Setelah menginap beberapa hari dan hari ini dipastikan dia akan keluar dari rumah sakit. Dimata Juan terlihat sudah tak ada air mata lagi yang keluar. Hanya muka datar yang terpampang jelas di sana.

Tidak selamanya mereka berada disisi kita, cepat atau lambat mereka yang sangat kita cintai dan sayangi pasti akan meninggalkan kita. Sayangnya, dia kehilangan diwaktu yang cepat. Karena kita juga manusia biasa, tak dapat mengubah takdir Tuhan seperti apa yang kita mau.

***

Seseorang menggunakan baju putih dengan celana abu-abu bergegas melangkah ke arah ruang tamu sambil membawa tas ransel berwarna biru tuanya.

"Nek, Juan berangkat ya! Bareng Kisa kok." Ucap Juan sebelum pamit.

"Iya sayang hati-hati." Jawab nenek dari arah dapur. Kemudian ia menemukan Kisa sudah berdiri didepan gerbang rumahnya dengan earphone ditelinganya.

"Woy, tumben disini saja. Kenapa nggak masuk?" Sapa Juan dengan tanya.

"Djuanda. Dengar ya nama gue tuh Kisa, bukan woy." Protes seorang perempuan bernama Kisa. Masih ingat kan dengan Kisa kan?  Sekarang mereka sudah resmi menjadi kekasih. Setahun yang lalu saat Juan memainkan piano dengan lagu heaven karya Bryan Adams. Tak disangka Juan menyatakan perasaannya dan mereka sama-sama jujur saat itu. Ya sekarang mereka sudah resmi menjadi kekasih hingga saat ini.

"Iya maaf, Kisa sayang.
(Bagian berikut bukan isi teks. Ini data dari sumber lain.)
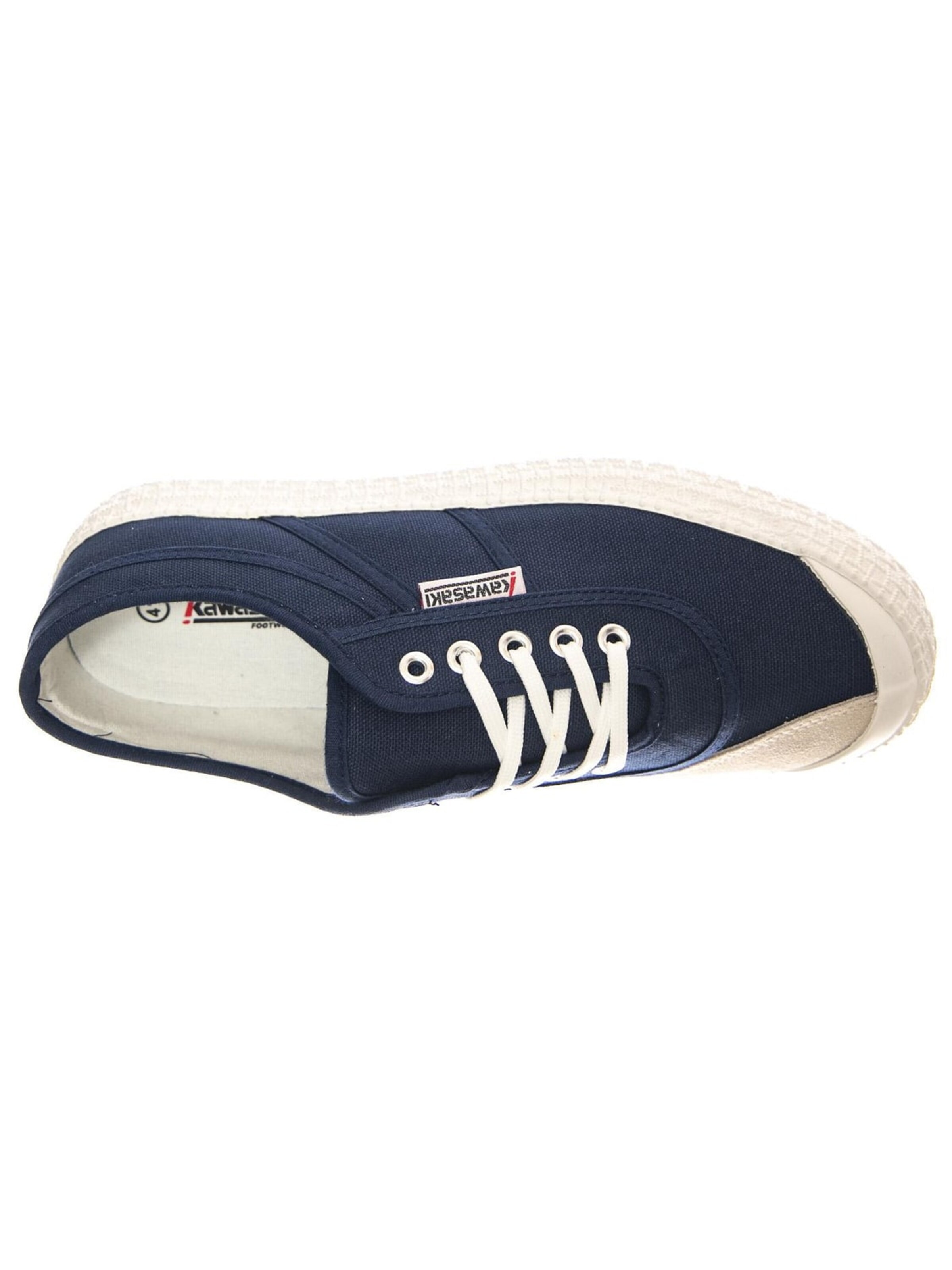 KAWASAKI Athletic lace-up shoe in Blue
Yasudah ayok kita berangkat, keburu telat."

Jam demi jam berlalu tak disangka bel pulang sekolah berbunyi. Semua murid mulai bergegas menuju rumah masing-masing. Lain halnya dengan Juan dan Kisa yang mampir ke taman komplek biasa mereka kunjungi setiap saat. Saat asik mengobrol dan bercanda tiba-tiba suara sirine terdengar dari jarak dekat, dan ternyata itu menuju ke arah rumah Juan.

Si pemilik  rumah langsung berlari cepat menuju rumahnya Kisa pun ikut mengejar langkah Juan. Sesampainya di sana Juan melihat neneknya dibawa menggunakan kasur rumah sakit dan dengan terburu-buru dimasukkan kedalam mobil ambulan. Juan dan Kisa ikut masuk kedalam mobil menemani nenek yang pingsan dengan muka wajah pucat pasi.

"Sebenarnya nenek saya kenapa sus?" Tanya Juan dengan nada khawatir yang kentara.

"Nenek kamu mengalami syok berat secara mendadak." Jawab suster yang masih sibuk memasang berbagai alat medis disekitar tubuh neneknya.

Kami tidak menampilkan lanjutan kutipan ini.